Any suggestions about how I might proceed or confirmation these are dead-ends would be appreciated.

Answer 1

Note that $$ \text{var}[\min\{X,Y\}]{=\text{var}[\min\{X,Y\}|X<Y]\Pr\{X<Y\} \\+\text{var}[\min\{X,Y\}|X\ge Y]\Pr\{X\ge Y\} \\= \text{var}[X|X<Y]\Pr\{X<Y\}\\+\text{var}[Y|X\ge Y]\Pr\{X\ge Y\} . } $$Assuming $\Pr\{X=Y\}=0$, due to symmetry we have $\text{var}[X|X<Y]=\text{var}[Y|Y<X]$ and consequently $$ \text{var}[\min\{X,Y\}]=\text{var}[X|X<Y], $$ which leaves us with an obvious inequality $$ \text{var}[X|X<Y]\le\text{var}[X], $$ since reducing the domain of a random variable also reduces its variance (a formal proof comes from definition).

Answer 2

$Var(min(X,Y))=0.25 Var(X+Y-|X-Y|) = 0.25 (2Var(X)+Var(|X-Y|))-0.5 E((X+Y)|X-Y|)+0.5(E((X+Y)E(|X-Y|))$
$=0.5 Var(X)+0.25 Var(|X-Y|)-0.5 E((X+Y)|X-Y|)+0.5(E((X+Y)E(|X-Y|))$ Assume $E((X+Y)|X-Y|) \geq (E((X+Y)E(|X-Y|))$ which is true for uncorrelated RV as here $X+Y,X-Y$ are uncorrelated.
$\leq 0.5 Var(X)+0.25 E((X-Y)^2)-0.25 E(|X-Y|)^2$ $=0.5 Var(X)+0.25 (2 Var(X))-0.25 E(|X-Y|)^2 \leq Var(X)$

Answer 3

I have an intuitive way to see why this inequality holds.

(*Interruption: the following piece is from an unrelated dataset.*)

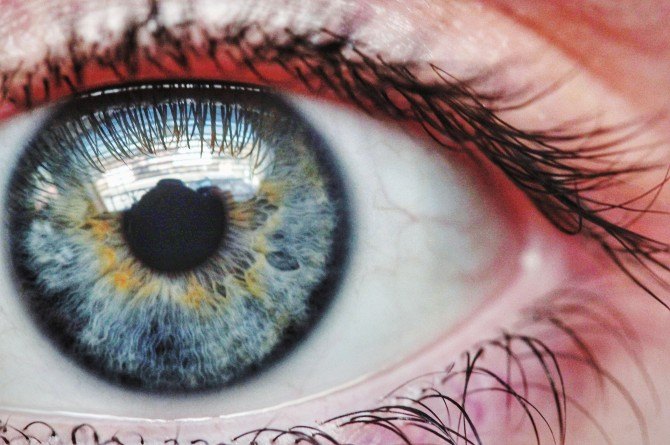 myopia in children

In fact, you can calculate the PDF of $Z$ to be $f_Z(z)=2f_X(z)(1-F_X(z))$.

It means:

$$\begin{align} f_Z &>f_X & &\text{if} & z &< \mathrm{median}(X)~, \\ f_Z &< f_X & &\text{if} & z &> \mathrm{median}(X)~. \end{align}$$

so, the density of $Z$ is more compact compared to density of $X$. Hence, the variance of $Z$ is lower.